We are going to be receiving some hundreds of unaccompanied child refugees and of course it was the Huguenots who gave refugee to the English language. Although I belong to the less respectable Irish Huguenot tradition, here in England 50,000 Huguenots arrived around the time of the Revocation of the Edict of Nantes, which if you look at the proportion of the population is equivalent to the arrival of 650,000 refugees today. And of course such an influx caused debate, a touch of xenophobia in parliament but almost instantly Huguenots began to make an enormous contribution to society, to the economy.
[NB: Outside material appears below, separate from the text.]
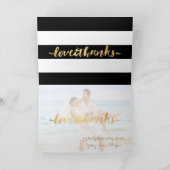 PixDezines黒+白+サンキューカード サンキューカード (内部)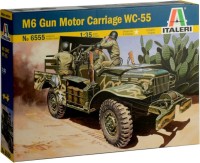 Фото - Сборная модель ITALERI M6 Gun Motor Carriage WC-55 (1:35)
Of course the mulberry tree we are going to present to Rev Rider to be planted here when this whole garden is redesigned around it – the mulberry tree is a symbol of that great benefit to the economy because it was the essential nourishment of the silkworm and we are surrounded by the vestiges of Huguenots who worked in the silk industry. So it’s a very symbolic tree, it’s a tree that is probably derived – it comes from Chelsea Physic Garden – from a tree planted in the reign of James I. It’s a historic tree and I’m grateful again for partnership with The Conservation Foundation because they have all sorts of programmes of taking very significant trees, producing grafts. The most recent one I’ve been concerned with before this was the marvellous yew, which is associated with the signing of Magna Carta. Having killed two yew trees already in previous programmes, I’m so grateful to be given a third and I promise to do better.
But this one does look the most healthy specimen and with enormous pleasure and remembering the work of so many of so many colleagues and allies and also, most importantly, the arrival of these young refugees today, I’d like to present you, Rector, this magnificent graft from a Morus Londinium from the reign of James I.